EBOOK – REDIS IN ACTION

This book covers the use of Redis, an in-memory database/data structure server.

open all | close all

7.4.2 Approaching the problem like search

In section 7.3.3, we used SETs and ZSETs as holders for additive bonuses for optional
targeting parameters. If we’re careful, we can do the same thing for groups of
required targeting parameters.

Rather than talk about jobs with skills, we need to flip the problem around like we
did with the other search problems described in this chapter. We start with one SET
per skill, which stores all of the jobs that require that skill. In a required skills ZSET, we
store the total number of skills that a job requires. The code that SETs up our index
looks like the next listing.

Listing 7.18A function for indexing jobs based on the required skills
def index_job(conn, job_id, skills):
    pipeline = conn.pipeline(True)
    for skill in skills:
        pipeline.sadd('idx:skill:' + skill, job_id)

Add the job ID to all appropriate skill SETs.

    pipeline.zadd('idx:jobs:req', job_id, len(set(skills)))

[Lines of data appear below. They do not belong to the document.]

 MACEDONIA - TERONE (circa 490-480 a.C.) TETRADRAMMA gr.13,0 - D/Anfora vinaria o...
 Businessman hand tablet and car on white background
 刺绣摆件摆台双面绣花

Add the total required skill count to the required skills ZSET.

    pipeline.execute()

This indexing function should remind you of the text indexing function we used in
section 7.1. The only major difference is that we’re providing index_job() with pretokenized
skills, and we’re adding a member to a ZSET that keeps a record of the number
of skills that each job requires.

To perform a search for jobs that a candidate has all of the skills for, we need to
approach the search like we did with the bonuses to ad targeting in section 7.3.3.
More specifically, we’ll perform a ZUNIONSTOREoperation over skill SETs to calculate a
total score for each job. This score represents how many skills the candidate has for
each of the jobs.

Because we have a ZSET with the total number of skills required, we can then perform
a ZINTERSTORE operation between the candidate’s ZSET and the required skills
ZSET with weights -1 and 1, respectively. Any job ID with a score equal to 0 in that final
result ZSET is a job that the candidate has all of the required skills for. The code for
implementing the search operation is shown in the following listing.

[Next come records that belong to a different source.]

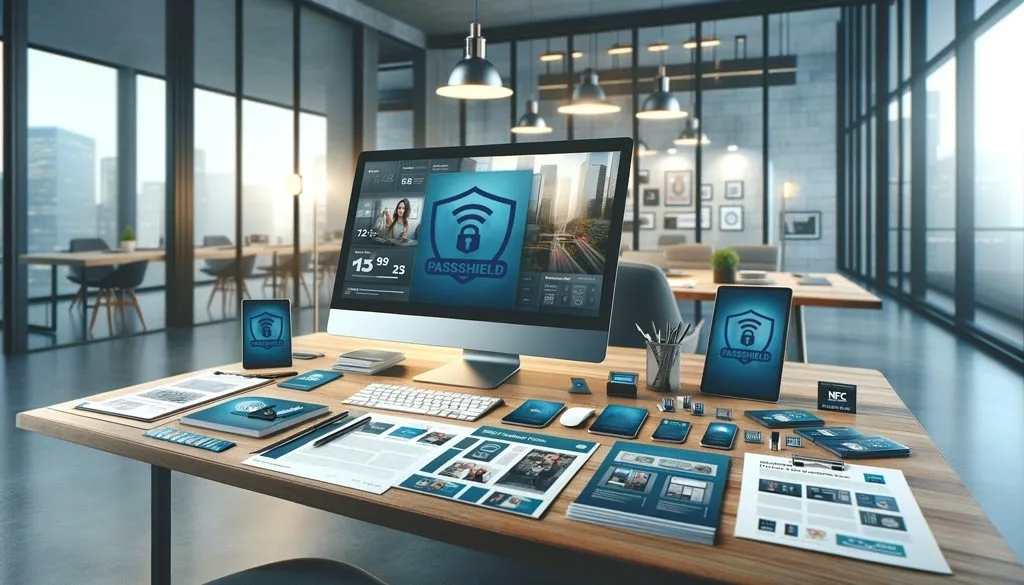 Office desk displaying NFC PassShield media resources on a computer and printed materials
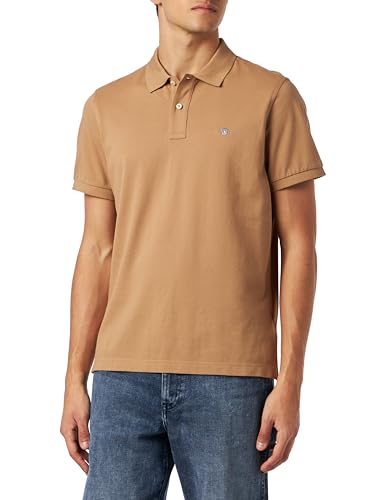 GANT Herren REG Shield SS Pique Polo Polohemd, WARM Khaki, XL von GANT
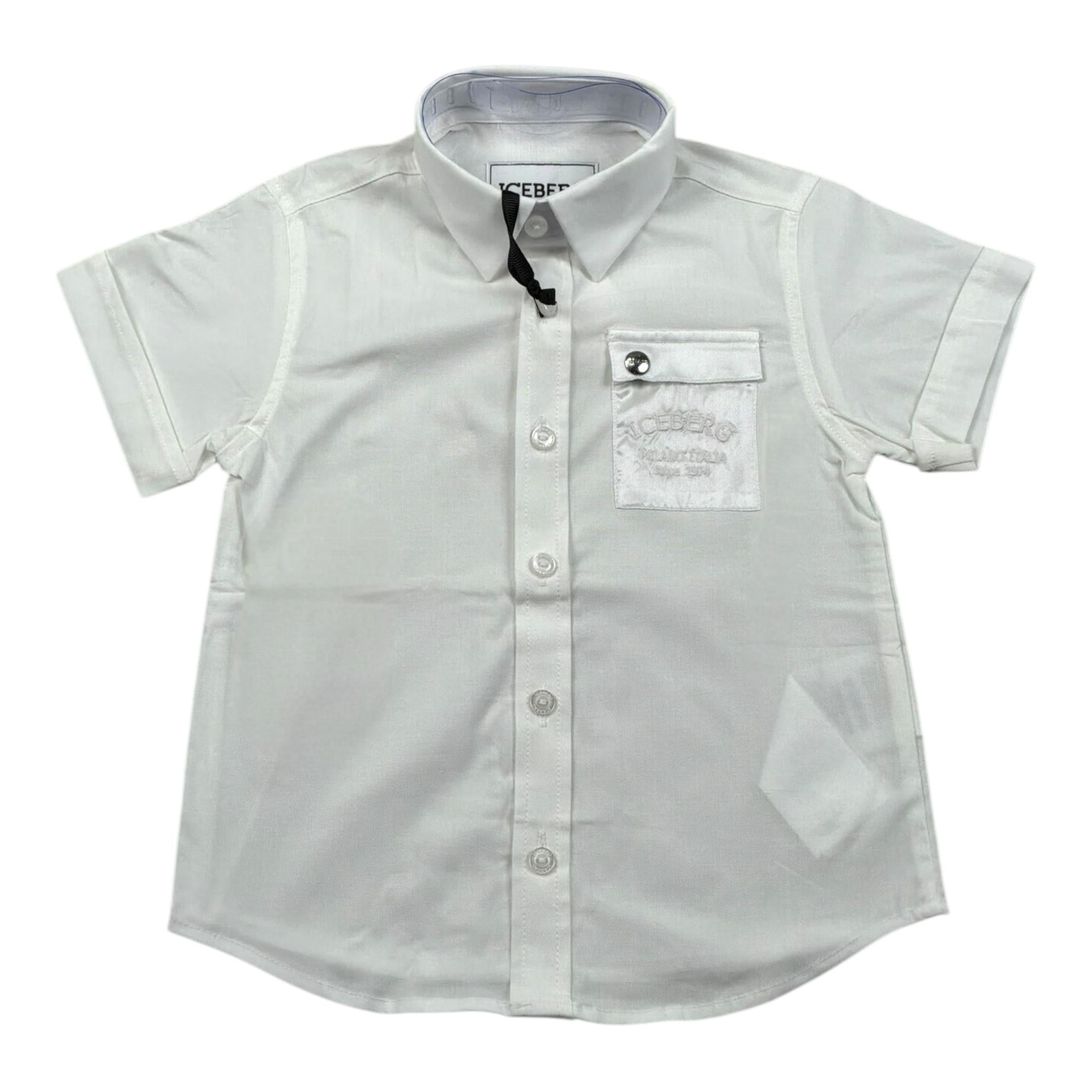 Iceberg Camicia Mezza Manica Tinta Unita per Neonato CMICE5108B BIANCO ICEBERG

Listing 7.19Find all jobs that a candidate is qualified for
def find_jobs(conn, candidate_skills):
    skills = {}
    for skill in set(candidate_skills):
        skills['skill:' + skill] = 1

Set up the dictionary for scoring the jobs.

    job_scores = zunion(conn, skills)

Calculate the scores for each of the jobs.

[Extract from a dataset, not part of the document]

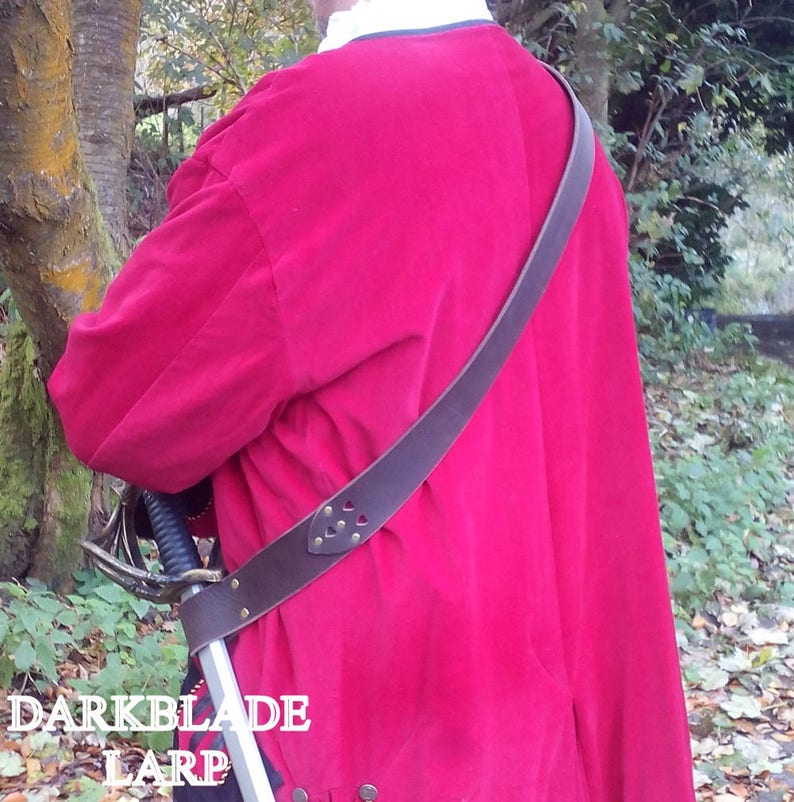 Teach's Baldric, Leather Pirate Sword Baldric for Larp Cosplay and Avasting image 2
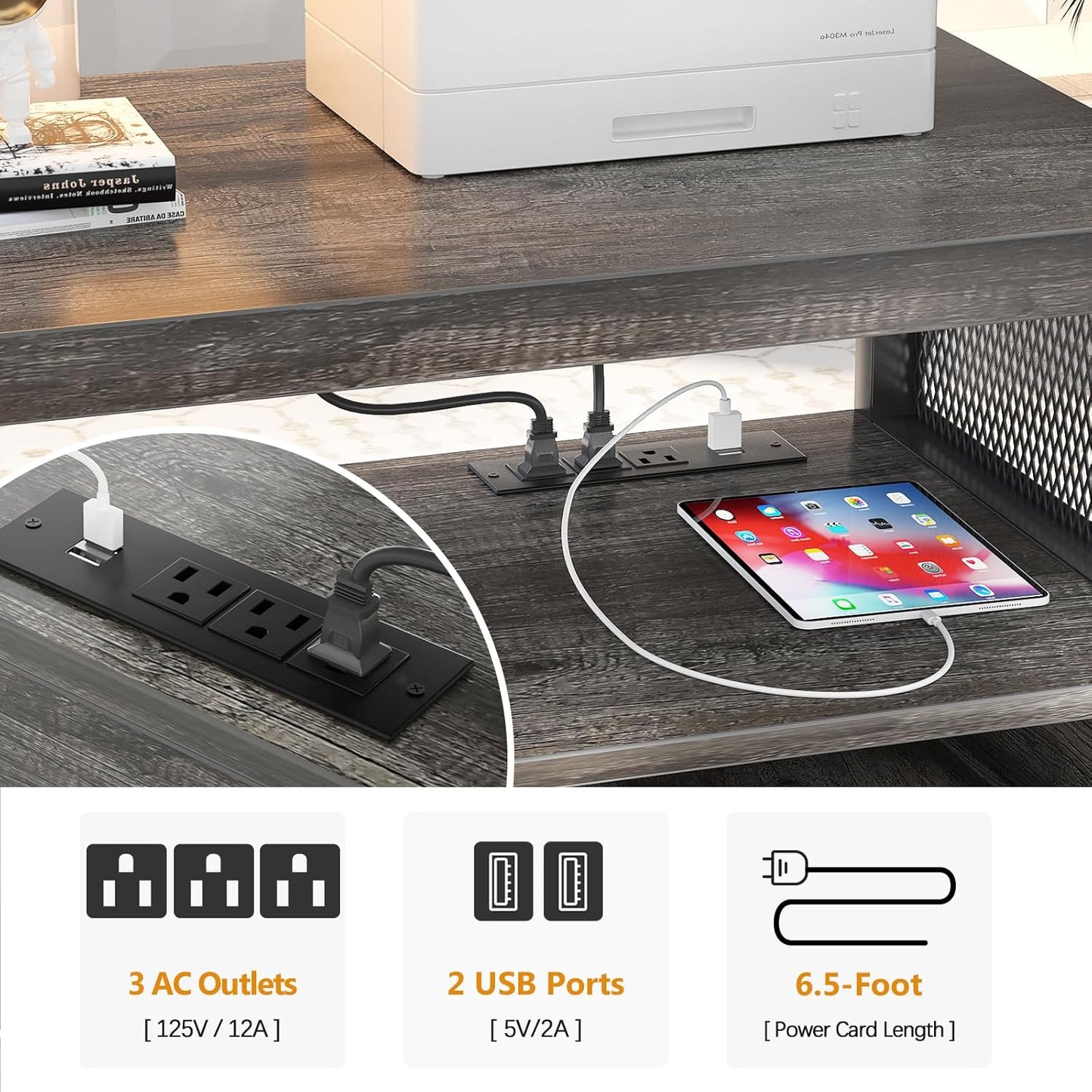 Unikito Rolling File Cabinet Lateral Office Filing Cabinets with Socket and USB Charging Port, Modern Printer Stand on Wheels Printer Cabinet with Door and Open Storage, Lockable, Black Oak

    final_result = zintersect(
        conn, {job_scores:-1, 'jobs:req':1})

Calculate how many more skills the job requires than the candidate has.

    return conn.zrangebyscore('idx:' + final_result, 0, 0)

Return the jobs that the candidate has the skills for.

Again, we first find the scores for each job. After we have the scores for each job, we
subtract each job score from the total score necessary to match. In that final result,
any job with a ZSET score of 0 is a job that the candidate has all of the skills for.

Depending on the number of jobs and searches that are being performed, our jobsearch
system may or may not perform as fast as we need it to, especially with large
numbers of jobs or searches. But if we apply sharding techniques that we’ll discuss in
chapter 9, we can break the large calculations into smaller pieces and calculate partial
results bit by bit. Alternatively, if we first find the SET of jobs in a location to search for
jobs, we could perform the same kind of optimization that we performed with ad targeting
in section 7.3.3, which could greatly improve job-search performance.

Exercise: Levels of experience

A natural extension to the simple required skills listing is an understanding that skill
levels vary from beginner to intermediate, to expert, and beyond. Can you come up
with a method using additional SETs to offer the ability, for example, for someone
who has as intermediate level in a skill to find jobs that require either beginner or
intermediate-level candidates?

Exercise: Years of experience

Levels of expertise can be useful, but another way to look at the amount of experience
someone has is the number of years they’ve used it. Can you build an alternate
version that supports handling arbitrary numbers of years of experience?